La existencia de una milenaria tradición de pastoreo, tejido y tráfico con caravanas de llamas es una de las cosas que atrapa la atención de quienes se acercan por primera vez a los Andes. Pocas formas de vida actualmente vigentes en la región difieren tanto de la experiencia del habitante de las ciudades como las que llevan las familias llameras en las áridas estepas de los Andes del Sur (Noroeste de Argentina, Norte de Chile y Suroeste de Bolivia). Acercarse a ellas es una buena oportunidad para explorar otros mundos que coexisten con el nuestro y, desde allí, relativizar nuestra propia forma de hacer y entender las cosas.

En estas páginas propongo recorrer distintos aspectos de la historia y la vida de estos pobladores de las altas cumbres. Para ello, apelo tanto a la literatura como a mis propias investigaciones y recuerdos tras viajar con ellos y andar por sus tierras durante muchos años. Me interesan especialmente las comunidades que habitan en los lugares más hostiles y remotos, sobre los 4000 metros, donde el frío y la aridez tornan inviable la agricultura y, por lo tanto, los rebaños de llamas y ovejas son la base de la subsistencia familiar. Estos grupos habitan hoy en la Puna occidental de las provincias argentinas de Jujuy y Salta, donde hablan español, y en el Altilano sur de Bolivia, donde hablan quechua o -al norte de Uyuni- aymara.

La domesticación de las llamas a partir de su ancestro silvestre, el guanaco, fue un largo proceso que tuvo lugar entre seis y cuatro mil años atrás, pero fue recién durante el primer milenio antes de nuestra era cuando se consolidó la ganadería como actividad económica en el sur andino. Desde entonces, los rebaños de llamas representaron para las comunidades andinas una reserva segura de carne, la posibilidad de transportar gran cantidad de bienes a larga distancia y una fuente de fibras para tejer. Una llama adulta puede pesar hasta 130 kilos, caminar 15 a 25 km por día y proveer 2 kilos de lana por año, incluyendo fibra blanca que puede ser teñida para obtener cualquier color. Todo esto alimentándose exclusivamente de los pastos que crecen naturalmente en los desiertos de altura de los Andes.

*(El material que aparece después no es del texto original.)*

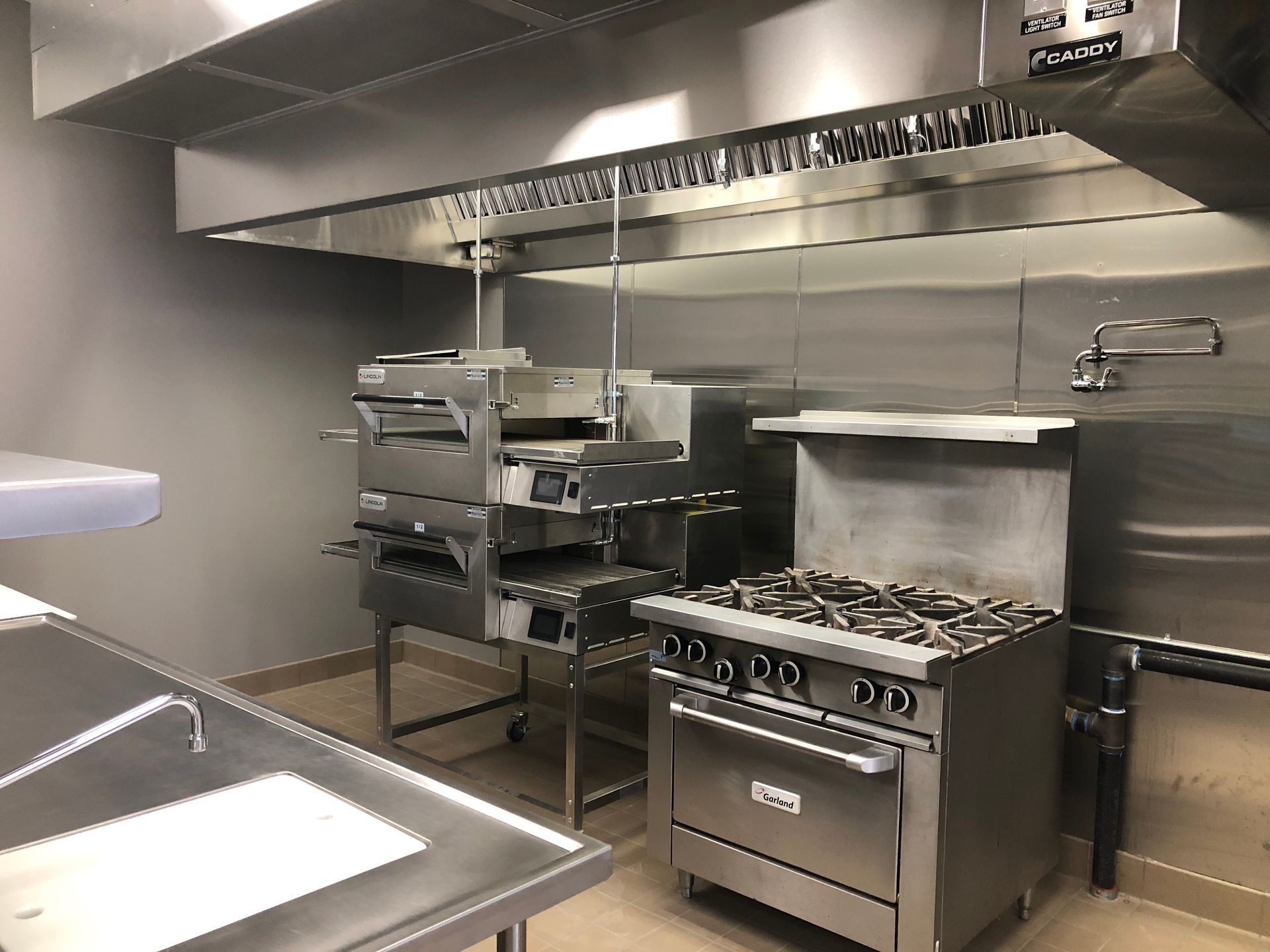A commercial kitchen featuring stainless steel pizza ovens, a gas range stove, and a sink beneath a metal ventilation hood.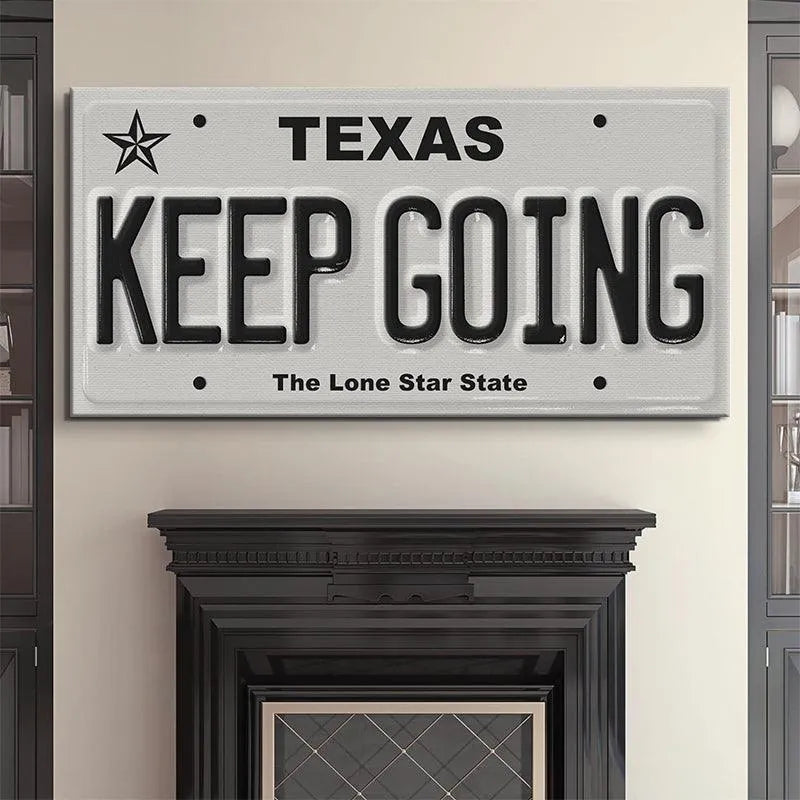 Lifestyle image showing the 'Keep Going - TX' sign mounted on a textured brick garage wall.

La principal preocupación de los pueblos pastores es el bienestar de sus rebaños. Esto implica, ante todo, garantizar su acceso regular a una buena cantidad y calidad de pastos. Puesto que la ganadería andina tradicional no emplea forrajes cultivados, esto significa asegurar el acceso exclusivo a espacios lo suficientemente extensos como para que la vegetación no se agote y variados, de modo de aprovechar las diferentes plantas que crecen en cada lugar y época del año. Lo primero lleva a que las viviendas pastoriles estén siempre dispersas, así los animales pueden pastar en los alrededores sin recorrer grandes distancias a diario. Para aprovechar la diversidad del entorno, a su vez, las familias llameras tienen, además de su casa principal, residencias secundarias (estancias o puestos), adonde se trasladan temporariamente con sus hatos. Estos desplazamientos son bastantes regulares a lo largo del año, siguen un calendario transhumante que típicamente contempla el aprovechamiento de vegas, praderas secas (tolares y pajonales) y pastos más tiernos y nutritivos que crecen en ciertos lugares al amparo de las lluvias en verano.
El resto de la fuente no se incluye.